The case centers on a physical trial administered between 1996 and 2002 in which prospective officers had to run an obstacle course by scaling four- and six-foot walls, climbing through a window, wriggling through a crawl-space, doing 17 push-ups and nine sit-ups, and then shooting a service revolver held at arm’s length from first one hand and then the other. It was a rigorous test, and 29% of the men who attempted it during that period failed it. But because the failure rate for women was 87%, Judge Sean McLaughlin, a Clinton appointee, concluded that it was discriminatory. Moreover, the court decided that such discrimination was not permissible in this case because the judge couldn’t find any relationship between the test criteria and the demands of beat policing.
Such cases hinge on Title VII of the 1964 Civil Rights Act, which outlaws employment criteria that have a “disparate impact” on persons of different races or sexes. Such disparate impacts are illegal even if there is no suggestion that the employer was trying to discriminate by implementing the test. The only exception kicks in if an employer can prove that the criteria are consistent with “business necessity.” It’s up to lawyers to argue over, and judges to decide, whether the employer has met that burden.
It’s a highly subjective process since it can be hard to draw clear lines in a court room about precisely what skills are needed to perform a job. For example, would-be officers in New York must take a written exam, a section of which requires them to answer 10 highly specific questions about a photograph from memory. Keen skills of observation and a good memory are important attributes for police officers, but if this section of the test ever came under such scrutiny, how could anyone say that 10 questions satisfied the “business necessity” standard but 11 or 12 were excessive?
The law relies on prosecutors and judges to be reasonable, an expert on employment law and vice president of the Center for Equal Opportunity, Roger Clegg, told us. Yet it can be impossible for police departments to know whether a test will pass muster because the Justice Department has never been able to issue clear guidelines on what requirements are and aren’t discriminatory, an employment lawyer, Michael Carvin, of the firm Jones Day, said. Departments also face a conundrum because while physical tests disadvantage women, written tests tend to disadvantage minority applicants, meaning departments are damned whichever route they go.

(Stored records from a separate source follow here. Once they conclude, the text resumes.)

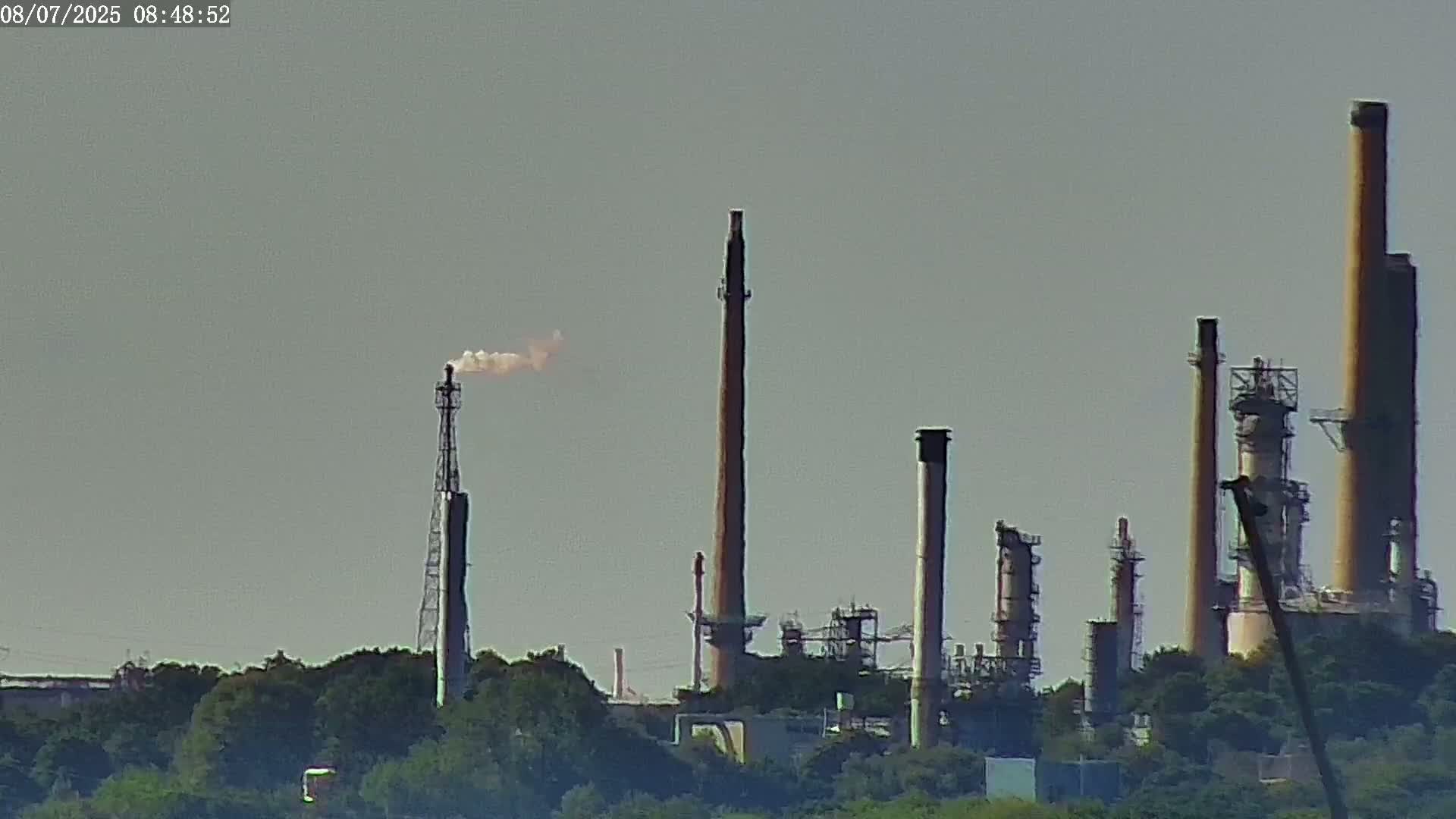 Tall industrial smokestacks, some emitting smoke, rise above a line of green trees under a hazy sky.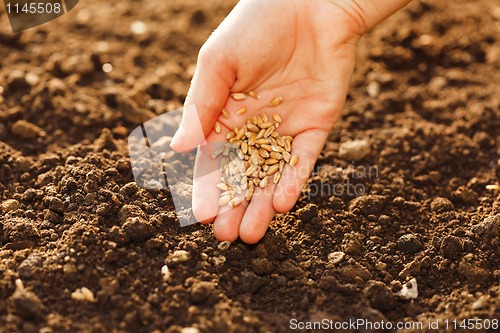 Image of Corn sowing by hand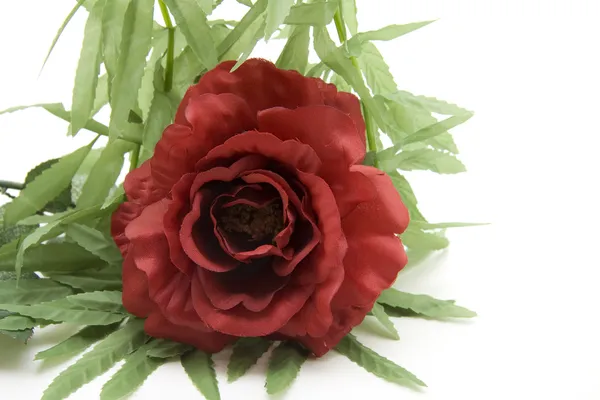 赤いバラとガーランド — ストック写真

Mr. Clegg credits President Bush’s administration for being better about this kind of case than that of his predecessor, but it still brings these lawsuits periodically. The Erie case was filed in 2004, although the investigation had started in 1996. Judges and lawyers all too often claim they know more about policing than do police departments. Cases such as last March’s Atlanta courthouse shooting, in which a six-foot-tall, 210-pound man allegedly overpowered a five-foot tall deputy to take her gun to go on a rampage, remind that physical attributes can have life-and-death consequences in police work. We’d all be better off if local authorities were allowed to set their own rules.